On Sunday, California signed into legislation the nation's toughest law on teens and tanning beds. The law prohibits anyone younger than 18 from using a tanning bed beginning Jan. 1. I sat down this week to discuss the new legislation with Dennis Hughes, M.D., Ph.D., who specializes in sarcomas and skin cancers at MD Anderson Children's Cancer Hospital. In 2009, Texas passed a law prohibiting tanning bed use in children younger than 16.
1) What are your thoughts on the new California bill prohibiting tanning bed use in children younger than 18?
First and foremost, no child younger than 18 needs to be in a tanning bed. There's no reason, medical or societal, for kids to be in a tanning bed. I think this is another good step toward protecting our kids. We already have laws in place protecting them from smoking and drinking as teens, and this runs along those same lines.
2) What are the risks of using a tanning bed while a teen?

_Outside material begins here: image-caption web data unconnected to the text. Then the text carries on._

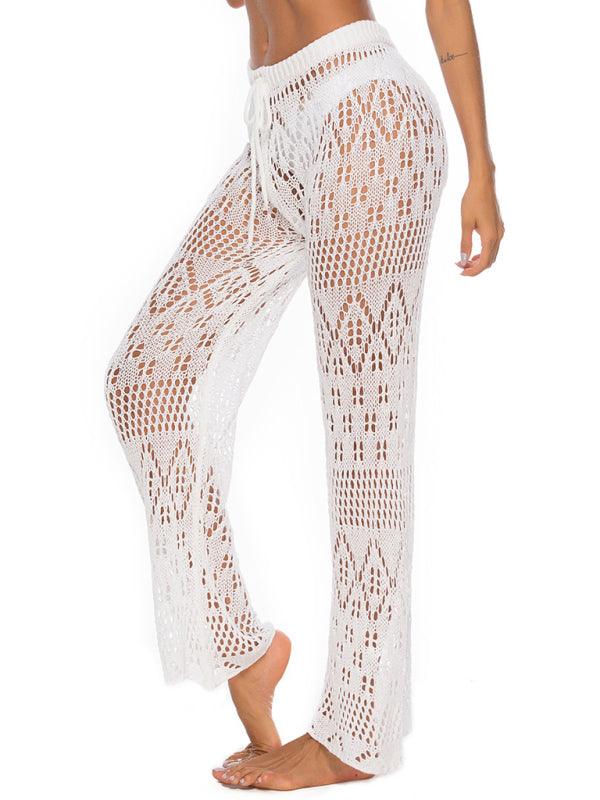 Sexy Hollow Knitted Beach Pants - Beach Pants - Guocali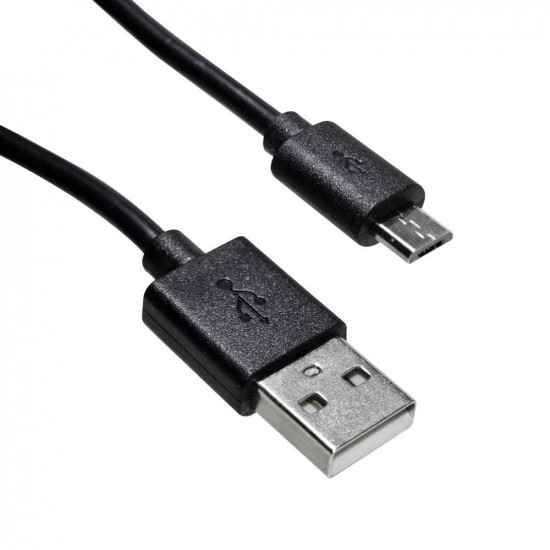 Καλώδιο σύνδεσης Ancus HiConnect USB σε Micro-USB 2.4A Μαύρο 1m 04153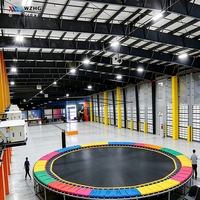 Construcción de Estructura de Acero de Ensamblaje Rápido y Vasta Superficie sin Obstáculos, Complejo Deportivo de Alta Resistencia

People get the bulk of their sun exposure and sunburns by the time they're 18. Premature aging, wrinkling and skin cancer risk all result from this exposure. Prohibiting tanning bed use will help cut down their ultraviolet (UV) exposure at an early age, which in turn will help reduce the risk of premature aging and cancer as adults.
3) Are there benefits to using a tanning bed that this law would be eliminating? For instance, some people say that tanning beds are beneficial for people with skin conditions such as eczema and psoriasis.
4) What about our need for vitamin D intake?
My impression is that the exposure of UV light you'd get from a tanning bed exceeds what you ideally need to get good levels of vitamin D. After a while, more UV actually breaks down the vitamin D and we have less than we started with. Most of what we do in our daily activity outside, along with nutrition, is enough for what we need. There are better ways of getting vitamin D than long periods of exposure to UV light. Drink milk instead if you're worried about vitamin D.
5) What are some good alternatives for using tanning beds?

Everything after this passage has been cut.